It seems many of the animals at the Smithsonian National Zoo saw the earthquake coming before it hit the metro region.

Animal care staff recognized abnormal activity by various animals around the zoo just moments before the 5.8 magnitude earthquake hit, according to a news release from the National Zoo.

Animals we know from experimental studies, can hear above and below our range of hearing, that's part of their extra-sensory abilities, said Don Moore, associate director of animal care at the zoo, reported.

He also speculated that the animals can pick up on vibration through their feet much more acutely than humans, which adds to their extra senses.

The Zoo officials came up with a list of changes in animal behavior that were observed by zoo staff before, during and after the earthquake. The list describes a noisy, frantic scene at portions of the 163-acre zoological park.

The Great Ape House and Think Tank Exhibit were in the middle of feeding time when the quake trickled in from the epicenter of Richmond, Va. and reached parts of Washington, D.C., New York City and Canada.

About five to ten seconds before the quake, many of the apes, including Kyle (an orangutan) and Kojo (a Western lowland gorilla), abandoned their food and climbed to the top of the tree-like structure in the exhibit, zoo officials said.

A gorilla named Mandara also reacted in the same way, grabbing her baby, Kibibi, seconds before the quake and retreating to the tree structure.

In the small mammal house, the red-ruffed lemurs started barking an alarm call, 15 minutes before the quake and then again just after it occurred.

However the howler monkeys, the lemur's housemates, were not as keen as they only started making noise after the zoo started shaking.

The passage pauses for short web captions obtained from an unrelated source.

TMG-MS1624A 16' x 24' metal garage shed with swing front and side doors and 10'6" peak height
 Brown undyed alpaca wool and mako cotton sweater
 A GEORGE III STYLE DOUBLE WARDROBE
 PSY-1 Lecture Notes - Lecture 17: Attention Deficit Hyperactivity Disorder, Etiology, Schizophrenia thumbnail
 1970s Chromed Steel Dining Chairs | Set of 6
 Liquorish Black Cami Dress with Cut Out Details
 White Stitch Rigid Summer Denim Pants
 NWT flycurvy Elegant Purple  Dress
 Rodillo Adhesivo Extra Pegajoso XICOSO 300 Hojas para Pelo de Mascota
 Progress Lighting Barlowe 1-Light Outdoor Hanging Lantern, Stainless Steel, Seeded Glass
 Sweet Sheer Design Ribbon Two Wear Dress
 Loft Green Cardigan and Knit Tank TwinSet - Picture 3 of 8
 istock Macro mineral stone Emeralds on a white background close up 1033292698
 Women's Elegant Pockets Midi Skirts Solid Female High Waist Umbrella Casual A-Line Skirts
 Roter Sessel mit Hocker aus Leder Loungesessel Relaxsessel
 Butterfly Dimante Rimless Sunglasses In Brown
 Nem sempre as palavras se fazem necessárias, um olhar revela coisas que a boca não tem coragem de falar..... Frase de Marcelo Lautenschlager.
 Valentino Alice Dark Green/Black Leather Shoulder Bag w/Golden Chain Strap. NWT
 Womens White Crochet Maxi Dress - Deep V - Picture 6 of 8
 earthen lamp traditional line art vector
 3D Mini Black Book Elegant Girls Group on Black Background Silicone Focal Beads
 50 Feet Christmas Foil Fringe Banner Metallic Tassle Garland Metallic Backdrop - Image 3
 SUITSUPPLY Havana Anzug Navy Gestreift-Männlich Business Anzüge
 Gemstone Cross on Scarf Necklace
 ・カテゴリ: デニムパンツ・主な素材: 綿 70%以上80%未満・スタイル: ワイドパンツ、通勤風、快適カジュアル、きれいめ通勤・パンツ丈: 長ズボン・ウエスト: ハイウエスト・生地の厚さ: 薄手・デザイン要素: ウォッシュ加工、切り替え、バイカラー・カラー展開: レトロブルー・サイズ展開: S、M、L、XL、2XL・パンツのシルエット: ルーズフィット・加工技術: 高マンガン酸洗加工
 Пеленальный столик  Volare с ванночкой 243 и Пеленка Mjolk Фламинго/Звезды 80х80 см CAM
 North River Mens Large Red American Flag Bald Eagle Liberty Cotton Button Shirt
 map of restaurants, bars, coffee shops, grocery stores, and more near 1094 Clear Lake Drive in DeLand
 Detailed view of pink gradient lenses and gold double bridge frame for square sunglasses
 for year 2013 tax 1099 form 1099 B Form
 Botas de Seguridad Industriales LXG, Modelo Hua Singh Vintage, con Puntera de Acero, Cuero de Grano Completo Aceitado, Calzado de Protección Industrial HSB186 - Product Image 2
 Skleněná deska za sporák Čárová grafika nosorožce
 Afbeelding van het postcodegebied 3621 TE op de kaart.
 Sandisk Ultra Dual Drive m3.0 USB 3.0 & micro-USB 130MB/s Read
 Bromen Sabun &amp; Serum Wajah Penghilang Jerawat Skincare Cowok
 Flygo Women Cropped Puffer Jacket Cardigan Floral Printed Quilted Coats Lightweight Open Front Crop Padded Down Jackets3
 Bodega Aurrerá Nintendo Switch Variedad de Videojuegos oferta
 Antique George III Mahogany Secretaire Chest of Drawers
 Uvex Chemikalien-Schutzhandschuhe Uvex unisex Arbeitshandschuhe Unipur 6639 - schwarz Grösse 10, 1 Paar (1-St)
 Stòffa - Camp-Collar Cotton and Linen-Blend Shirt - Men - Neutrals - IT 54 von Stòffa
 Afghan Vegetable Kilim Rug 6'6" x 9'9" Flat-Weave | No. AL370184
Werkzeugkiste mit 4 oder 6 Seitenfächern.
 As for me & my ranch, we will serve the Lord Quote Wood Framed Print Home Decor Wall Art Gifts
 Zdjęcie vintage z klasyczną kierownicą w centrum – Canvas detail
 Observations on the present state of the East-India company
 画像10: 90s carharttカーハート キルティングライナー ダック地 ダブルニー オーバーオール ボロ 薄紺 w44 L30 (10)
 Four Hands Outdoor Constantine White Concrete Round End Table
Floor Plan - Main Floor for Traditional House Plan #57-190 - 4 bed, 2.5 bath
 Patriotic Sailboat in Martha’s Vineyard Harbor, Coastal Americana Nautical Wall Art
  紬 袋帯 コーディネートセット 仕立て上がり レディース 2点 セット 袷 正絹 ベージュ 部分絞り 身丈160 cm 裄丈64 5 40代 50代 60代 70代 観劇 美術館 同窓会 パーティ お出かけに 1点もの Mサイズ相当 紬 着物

Beavers were in the middle of a feed when the earthquake hit; the animals stopped eating and got into the nearby water, where they stayed for a period of time. Ducks were also seen jumping into the water.

The giant pandas, however, were another story. Keepers reported that the furry creatures appeared to be indifferent to the earthquake.

Over in Virginia, the Richmond Zoo's chimps began acting up and hollering during and after the quake activity. Birds also flew around their enclosures during the quake, a spokesperson told ABC News.